Тогда же за обедом Л. Н. рассказал два анекдота из своей жизни. Первый, как он ел дождевых червей, Л. Н. вспомнил по поводу рыбной ловли (ездили Александра Львовна, дети Ильи Львовича и др.). Л. Н. рассказал, как он нес в одной руке червей, а в другой краюшку черного хлеба; хлеб он съел и потом, задумавшись, положил червей в рот и стал жевать и не мог понять несколько времени, что это за гадость.

Л. Н. сказал:

— Я как сейчас помню их вкус.

Жена моя спросила его, очень ли противно было.

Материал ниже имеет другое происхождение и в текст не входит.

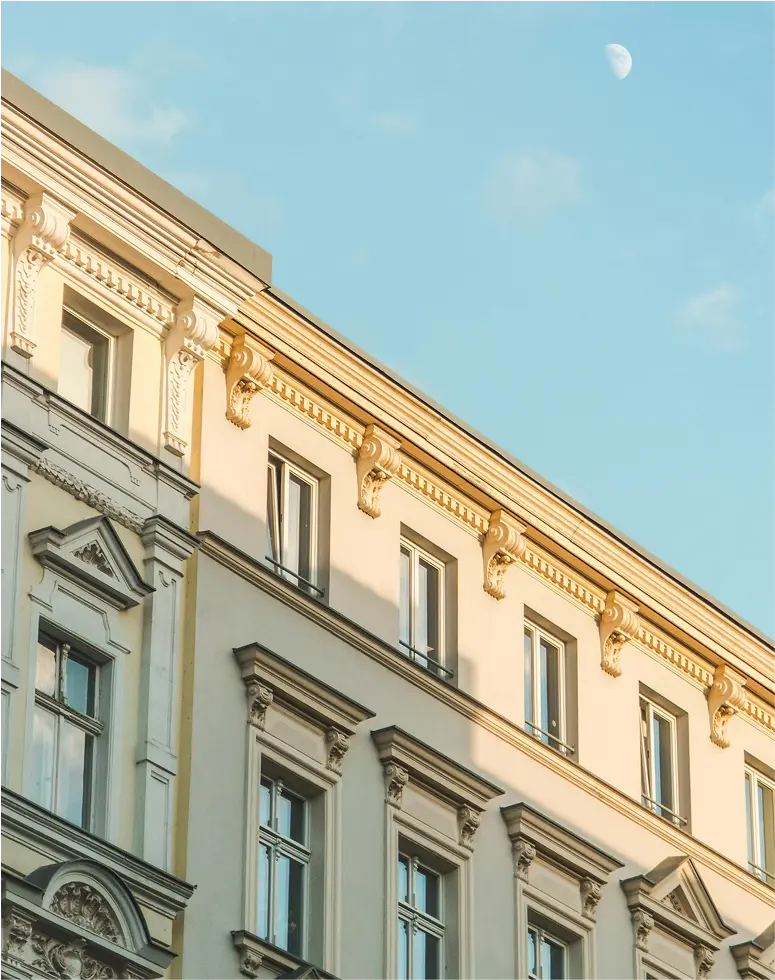 Immobilienvermittlung,<br>Gutachten und Architektur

— Вкус землистый; впрочем, я вам не советую пробовать.

Кто?то чихнул, и Л. Н. по этому поводу рассказал другой случай:

— Я очень сильно чихаю; и вот раз как?то ночью я просыпаюсь и чувствую, что сейчас чихну, а Софья Андреевна была в положении, и я боялся ее испугать. Я спросонок крикнул громко: «Соня, я сейчас чихну!» Софья Андреевна, разумеется, проснулась и испугалась, а я заснул сейчас же и так и не чихнул.

Тогда же Л. Н. говорил о воспоминаниях Белоголового (врача), который казался Л. Н. ограниченным человеком.

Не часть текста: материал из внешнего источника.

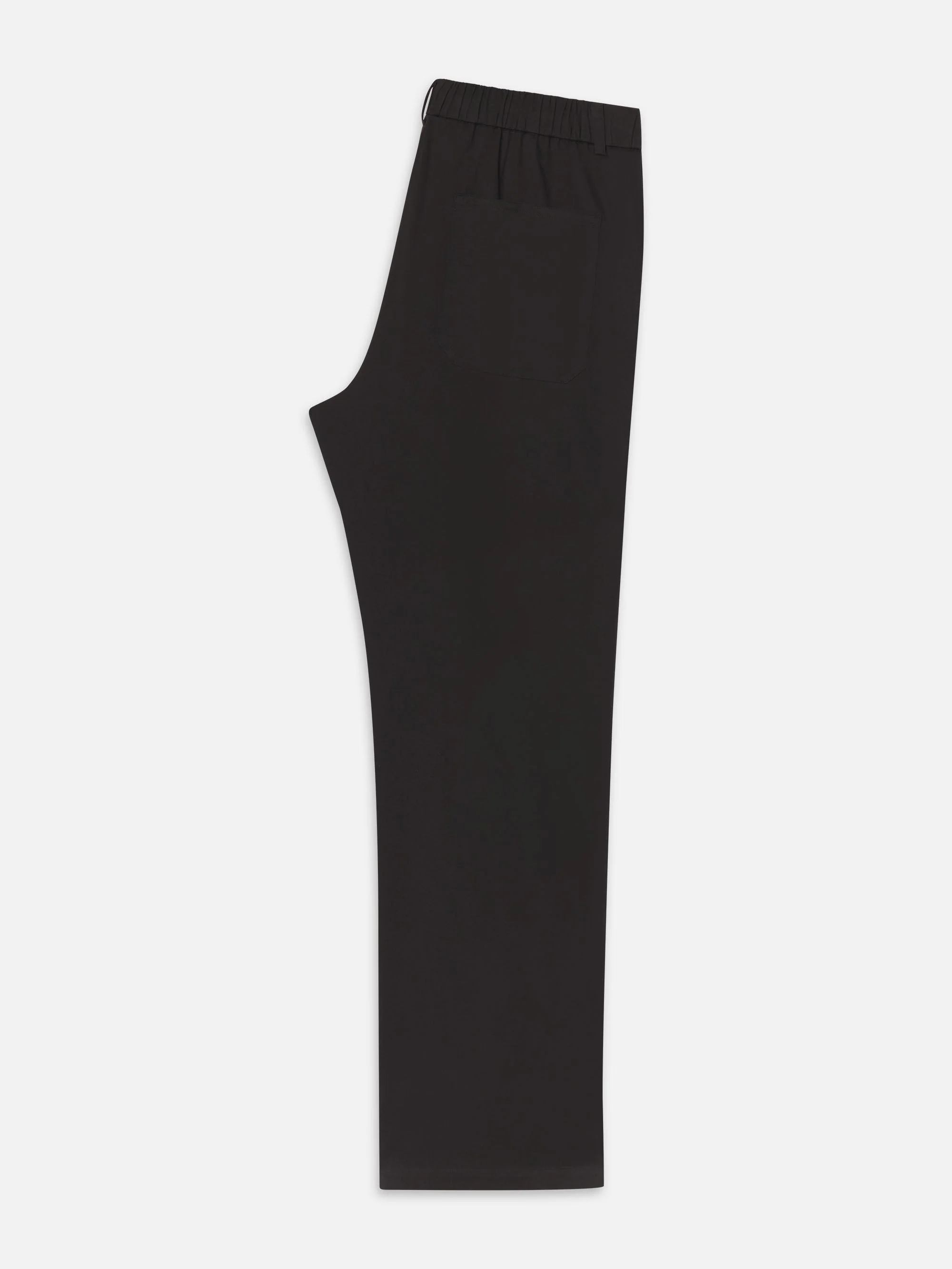 FRAME - Relaxed Cotton Trousers - Image 8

Л.H., говоря об ужасном впечатлении, которое оставляет в его записках описание болезней и смертей Некрасова, Тургенева, Салтыкова, сказал:

— Как они боялись смерти! И эти ужасные, отвратительные подробности болезни, особенно Некрасова.

А вот это очень давно, зимой, было: тоже мы с женой были, уезжать собирались, а Л. Н. с П. А. Буланже у себя сидел. Мы зашли проститься, а они, очевидно, говорили о семейных делах Буланже.

Мы с женой вошли на следующих словах Л.H.:

— …если бы почаще говорили себе: «помнишь?» Надо бы уговориться; когда кто?нибудь что не так скажет или сделает в пылу спора, или когда один сердится, — уговориться, чтобы другой ему сказал только: «помнишь»?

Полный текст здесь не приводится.